**AIM OF THE TASK:**
Beginning with the line that holds "Of Office CATRICE", copy each line through the end of the material below, exactly and with no pictures.

**GIVEN RECORDS:**
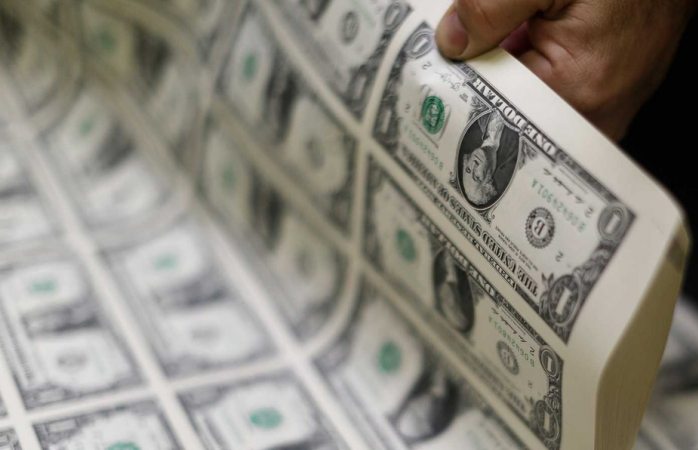 Cierra dolar arriba de los 25 pesos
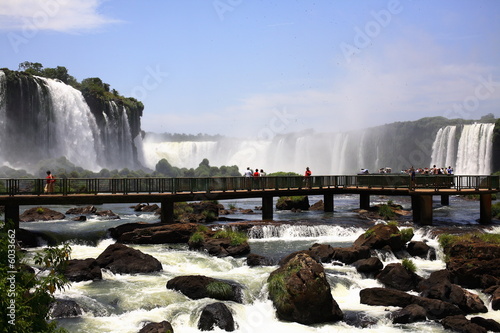 Obraz na płótnie canvas dwuczęściowy "dyptyk" Iguassu (iguazu; iguaçu) falls - duże wodospady
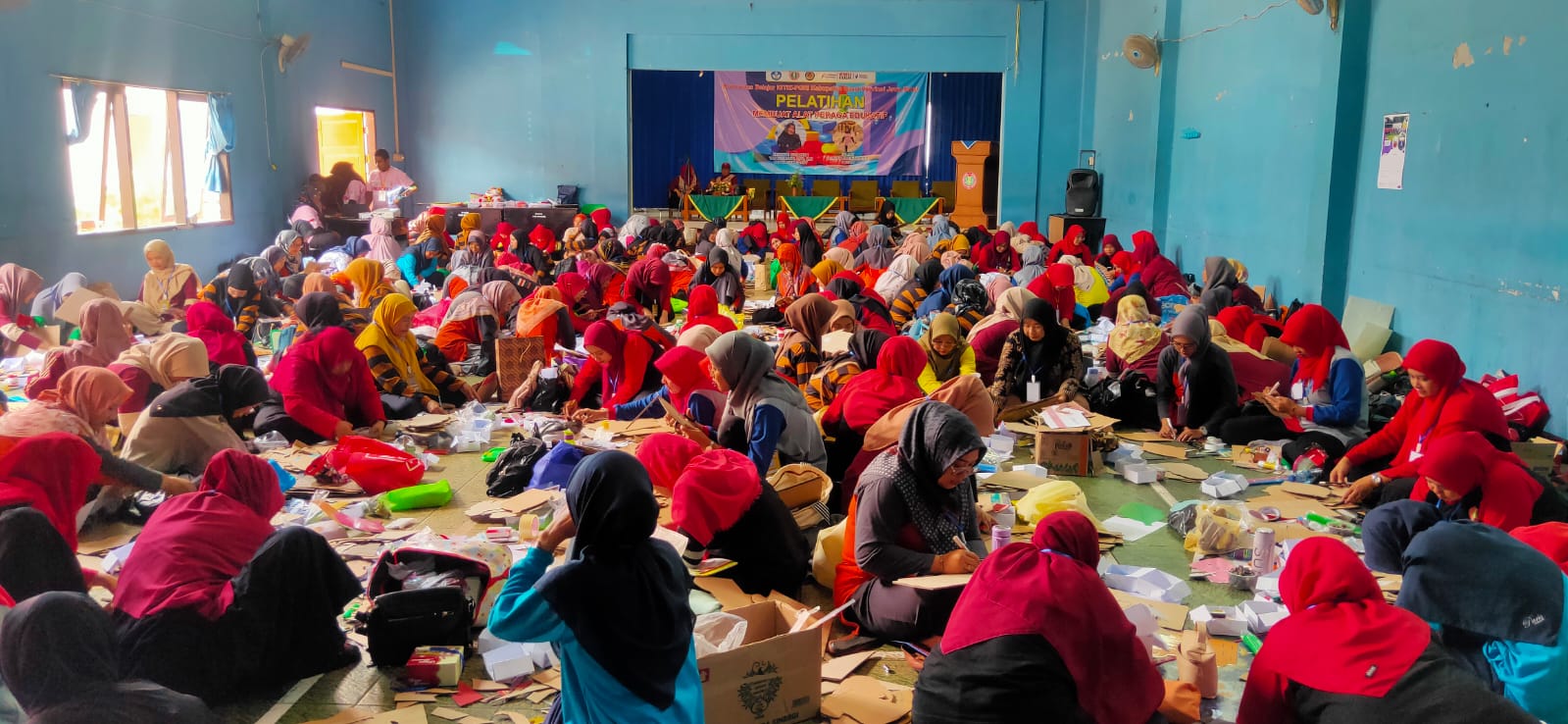 Pelatihan Membuat Alat Peraga Edukatif Batch 1 IGTKI Kabupaten Garut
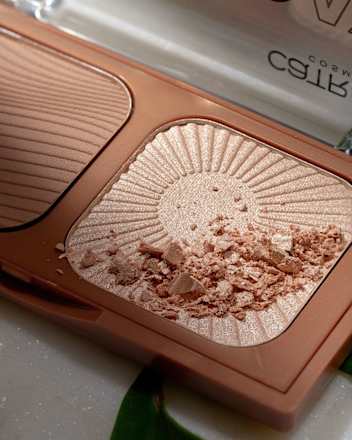 Bronzer &  Highlighter Palette Holiday Skin 010 Out Of Office CATRICE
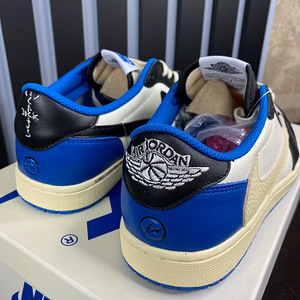 NIKE Jordan 1 Low Fragment x (2 foto / 3)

**RESULT OF THE EXERCISE:**
 Bronzer &  Highlighter Palette Holiday Skin 010 Out Of Office CATRICE
 NIKE Jordan 1 Low Fragment x (2 foto / 3)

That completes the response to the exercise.